Goal of the exercise:
Every line below needs to be printed again exactly, without any of its pictures.

Source data:
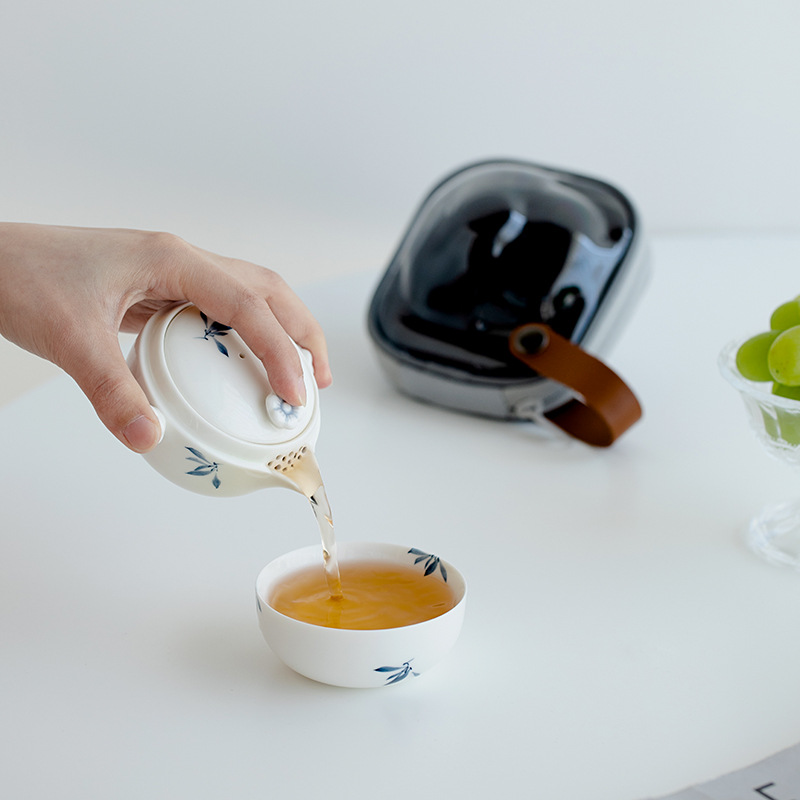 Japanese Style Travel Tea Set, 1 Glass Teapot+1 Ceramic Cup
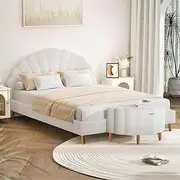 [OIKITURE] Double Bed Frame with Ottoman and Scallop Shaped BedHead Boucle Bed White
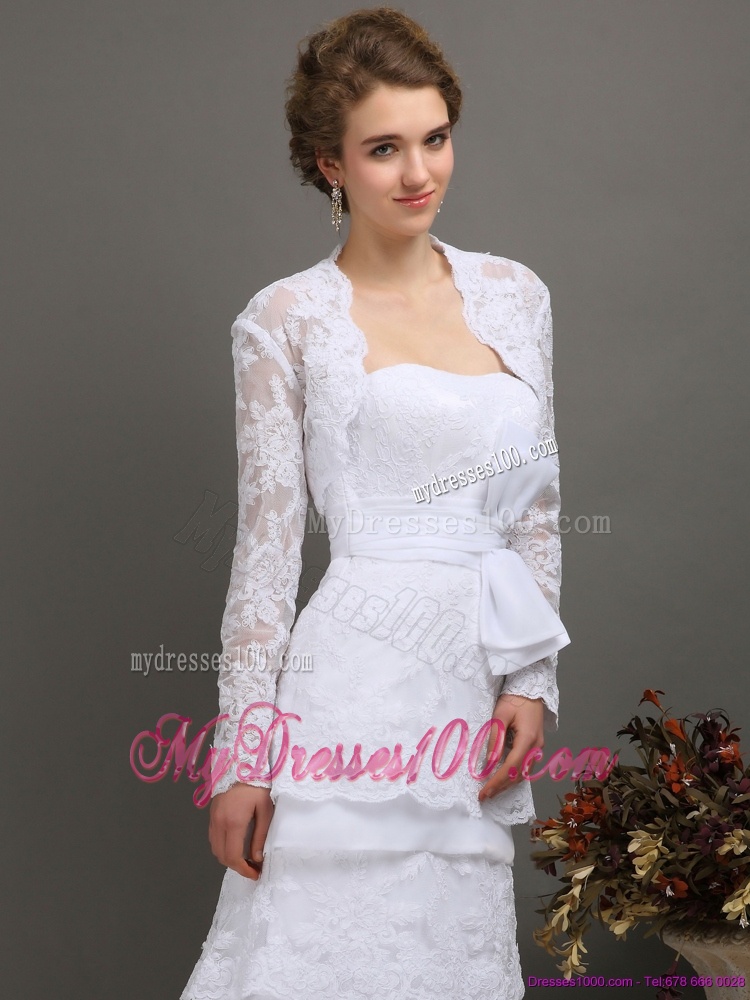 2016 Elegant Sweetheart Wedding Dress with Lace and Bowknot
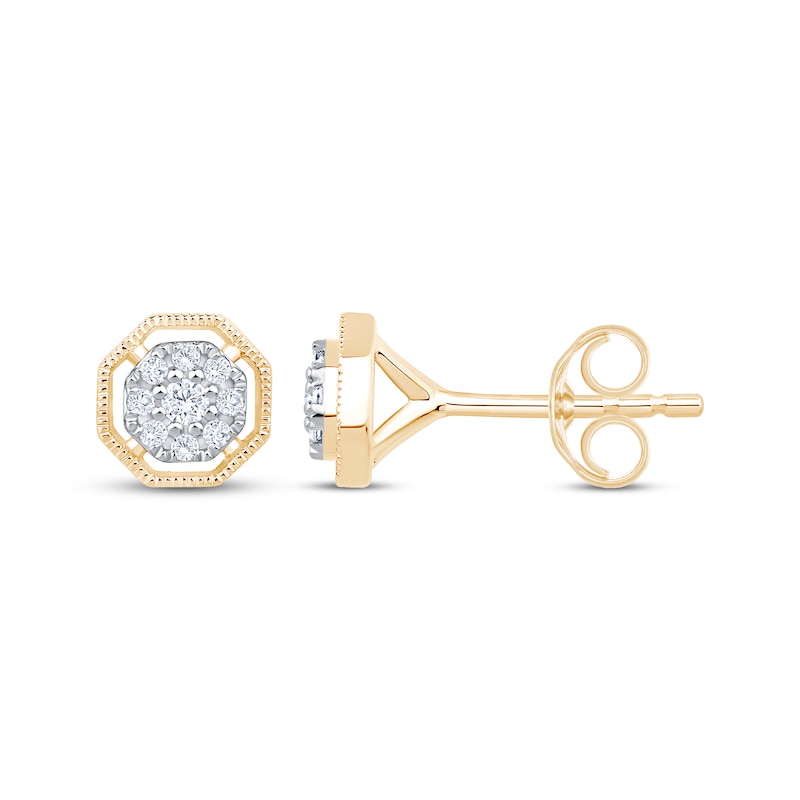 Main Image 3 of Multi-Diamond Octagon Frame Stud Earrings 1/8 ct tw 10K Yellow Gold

Your response:
 Japanese Style Travel Tea Set, 1 Glass Teapot+1 Ceramic Cup
 [OIKITURE] Double Bed Frame with Ottoman and Scallop Shaped BedHead Boucle Bed White
 2016 Elegant Sweetheart Wedding Dress with Lace and Bowknot
 Main Image 3 of Multi-Diamond Octagon Frame Stud Earrings 1/8 ct tw 10K Yellow Gold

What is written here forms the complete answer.